As described in its introductory paragraphs, the new SLR Guidance document is intended to assist Agency managers with overseeing a variety of environmental sites within zones of coastal influence including active sites where waste is left in place, and historical sites where regulatory determinations have already been made. The impetus for creating this guidance came from California Senate Bill 1, the Sea Level Rise Mitigation and Adaptation Action of 2021[2] which directed California state agencies to evaluate to the extent feasible, and within their statutory authorities, the actions necessary to “avoid, minimize, and mitigate” the impacts, current and projected of climate change including sea level rise on contaminated sites.
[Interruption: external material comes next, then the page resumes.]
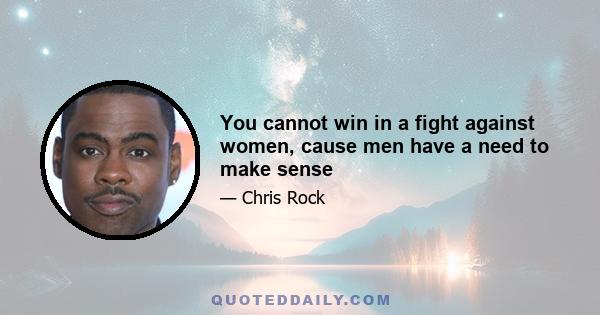 You cannot win in a fight against women, cause men have a need to make sense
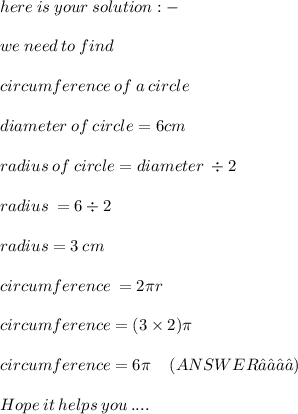 here \: is \: your \: solution :  -  \\  \\ we \: need \: to \: find \: \\  \\   circumference \:   of \: a \: circle \:  \:  \:  \\  \\ diameter \: of \: circle = 6cm \:  \\  \\ radius \: of \: circle = diameter \:  \div 2 \\  \\ radius \:  = 6 \div 2 \\  \\ radius = 3 \: cm \\  \\ circumference \:  = 2\pi r   \:  \:  \:  \:  \:  \:  \:  \:  \:  \:  \:  \:  \:  \:  \:  \:  \:  \:  \:   \\  \\ circumference= (3 \times 2)\pi\\ \:  \:  \:  \:  \:  \:  \:  \:  \:  \:  \:  \:  \:  \:  \:  \:  \:  \:  \:  \:  \:  \:  \:  \:  \:  \:  \:  \:  \:  \:  \\   circumference=6\pi \:  \:  \:  \:  \:(ANSWER ✓✓✓✓) \\  \\ \huge\mathfrak\red{Hope \: it \: helps \: you \: ....}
This new guidance includes a strong recommendation for performing a “sea level rise (SLR)” vulnerability assessment (SLRVA) for contaminant and waste sites that lie within the zone of coastal influence such that any SLR could promote negative conditions including, but not limited to:

Groundwater rise
Negative stormwater drainage
Sea water or groundwater inundation
Water quality degradation (e.g., saltwater intrusion)
Contaminant mobilization (above or below ground)
Impact to a groundwater contaminant remediation system
Damage to critical infrastructure, including structure foundations and conveyance

The SLRVA should determine if sea level rise conditions are occurring or may occur in a reasonable (though not quantitatively defined) time frame such that stability of environmental conditions at a site would be compromised – possibly increasing the risk of contaminant exposure on human and/or ecological receptors. If such assessment does identify a current or potential increase in risk profile (e.g. due to potential exposure, water quality degradation and/or infrastructure damage, etc.), development of an adaptation plan to increase remedy reliance and sustainability could become necessary depending on the severity of the projection.

This new guidance includes a pragmatic flow chart that leads the user through a decision matrix intent on identifying firstly, if there is a sea level rise/groundwater problem to be addressed, and secondly, if so, what is the best available approach (administratively and/or scientifically) to safeguard the environmental site and/or nearby receptors from adverse conditions brought on by sea surface (and thus groundwater) changes. The DTSC guidance recommends that any groundwater contamination mitigation remedy should be protective under both current and future conditions and importantly that the agency “cannot sign off on any remedial decision unless SLR is accounted for.” A further calculation in this process is that the Agency also expects any proposed remedy be developed with financial assurance in mind (consistent with State law) and for a period no less than 30 years following implementation of the remedy. What the guidance does not include, however, are the quantitative methods by which to conduct such analysis, how to stem the effects of sea level rise induced problems, and how the regulatory process will remain engaged over time. Although the guidance provides several external references to the reader, there does not appear to be easily found remedies for mitigating effects of sea level rise for site contamination projects that a site or project manager may rely on due to the nascency of the issue. This conclusion acknowledges, however, that hydraulic barriers using deep water injection, for example, have been applied for many years (such as in Southern California) to reduce the influence of sea water intrusion in affecting fresh groundwater resources. However, this approach may not be a first choice for the conventional shoreline-located contamination project site being discussed by the newly developed guidance.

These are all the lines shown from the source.